US giants Bechtel and CH2M Hill, as well as Kent-based Laing O'Rourke, are among the shortlisted groups. They will vie for the role of project delivery partner, similar to the job performed by CH2M Hill and Laing O'Rourke as part of the private sector consortium overseeing the construction of the London 2012 Olympic venues.

Crossrail's seven-strong board is expected to finalise the short list at a meeting tomorrow, with letters sent to the successful parties on Tuesday or Wednesday. A winner will be selected by the end of the year, at which point it will have to appoint companies to key contracts that will create the rail link from Heathrow to Essex.

Bechtel is considered the hot favourite for the role. Its bid team is headed by American Cliff Mumm, who oversaw work on the reconstruction of Iraq and the Jubilee Line extension on the London Tube. Bechtel was also heavily involved in guiding Crossrail through the Parliamentary process; the project only received Royal Assent last month, two decades after it was first mooted.

A transport industry source said: "Bechtel ought to get the job. It's a natural for them, given Bechtel's excellent performance on the Jubilee Line."

Laing O'Rourke has emerged as a contender for a role in its own right over the past two years.
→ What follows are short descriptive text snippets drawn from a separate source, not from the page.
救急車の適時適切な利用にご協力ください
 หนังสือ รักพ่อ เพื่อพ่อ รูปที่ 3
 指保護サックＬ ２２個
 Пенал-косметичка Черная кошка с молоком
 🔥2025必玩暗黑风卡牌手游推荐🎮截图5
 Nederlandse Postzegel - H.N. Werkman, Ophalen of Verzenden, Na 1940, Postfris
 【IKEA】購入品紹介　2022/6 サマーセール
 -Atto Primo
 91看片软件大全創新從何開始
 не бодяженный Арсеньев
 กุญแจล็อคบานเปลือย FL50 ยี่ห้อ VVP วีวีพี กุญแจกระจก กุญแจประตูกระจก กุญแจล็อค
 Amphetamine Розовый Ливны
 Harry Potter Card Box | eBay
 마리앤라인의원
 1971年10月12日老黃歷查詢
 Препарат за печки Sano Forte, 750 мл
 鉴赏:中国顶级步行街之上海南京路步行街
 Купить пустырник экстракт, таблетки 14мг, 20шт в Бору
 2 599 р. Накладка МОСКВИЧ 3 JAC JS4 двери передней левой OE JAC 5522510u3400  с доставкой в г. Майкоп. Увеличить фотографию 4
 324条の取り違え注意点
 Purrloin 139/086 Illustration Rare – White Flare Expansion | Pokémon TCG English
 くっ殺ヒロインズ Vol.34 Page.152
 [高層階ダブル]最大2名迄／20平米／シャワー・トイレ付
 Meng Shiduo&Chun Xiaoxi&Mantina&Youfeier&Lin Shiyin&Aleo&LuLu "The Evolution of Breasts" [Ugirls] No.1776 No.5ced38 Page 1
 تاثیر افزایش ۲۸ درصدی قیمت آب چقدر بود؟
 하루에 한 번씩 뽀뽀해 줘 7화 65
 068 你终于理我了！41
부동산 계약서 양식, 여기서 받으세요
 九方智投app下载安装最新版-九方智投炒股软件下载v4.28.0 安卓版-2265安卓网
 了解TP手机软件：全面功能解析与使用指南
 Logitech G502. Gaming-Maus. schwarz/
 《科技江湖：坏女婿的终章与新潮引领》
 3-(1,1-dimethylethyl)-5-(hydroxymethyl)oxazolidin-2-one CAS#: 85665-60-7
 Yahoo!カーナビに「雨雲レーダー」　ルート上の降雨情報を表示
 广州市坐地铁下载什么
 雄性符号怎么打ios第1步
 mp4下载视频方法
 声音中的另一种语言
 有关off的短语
Its work on the Olympics was deigned to help it move away from being a straight construction firm and last year it hired Tony Douglas, who had overseen the building of Heathrow's Terminal Five.

However, a leading industry expert said that whichever company was selected would end up in conflict with another Crossrail appointment. The board will also hire a project manager to help Crossrail keep in contact with all its major stakeholders, including National Rail and London Underground, throughout the construction programme.

Although the role is subservient to the project delivery partner, the expert said: "Splitting it like this means there will be a nasty interface between the two selected parties. This has the potential to be another Millennium Dome."

The source warned that Boris Johnson, the London Mayor, should be on his guard that the flawed contractual structure behind Metronet, the failed London Underground group, is not reintroduced on the Crossrail project. This contract allowed the umbrella organisation to award maintenance work to its own construction divisions, a move that led to its downfall.

"If I were Conservative Party Central Office, I would be on Boris like a rash to make sure Transport for London helps run Crossrail properly."

Next month, headhunters will start approaching candidates to head up a revamped Crossrail. Rob Holden, the man who led the construction of the high-speed Channel Tunnel extension, is in line for the chief executive's role. However, he is known to favour the chairmanship, for which he would com- pete with Mr Oakervee.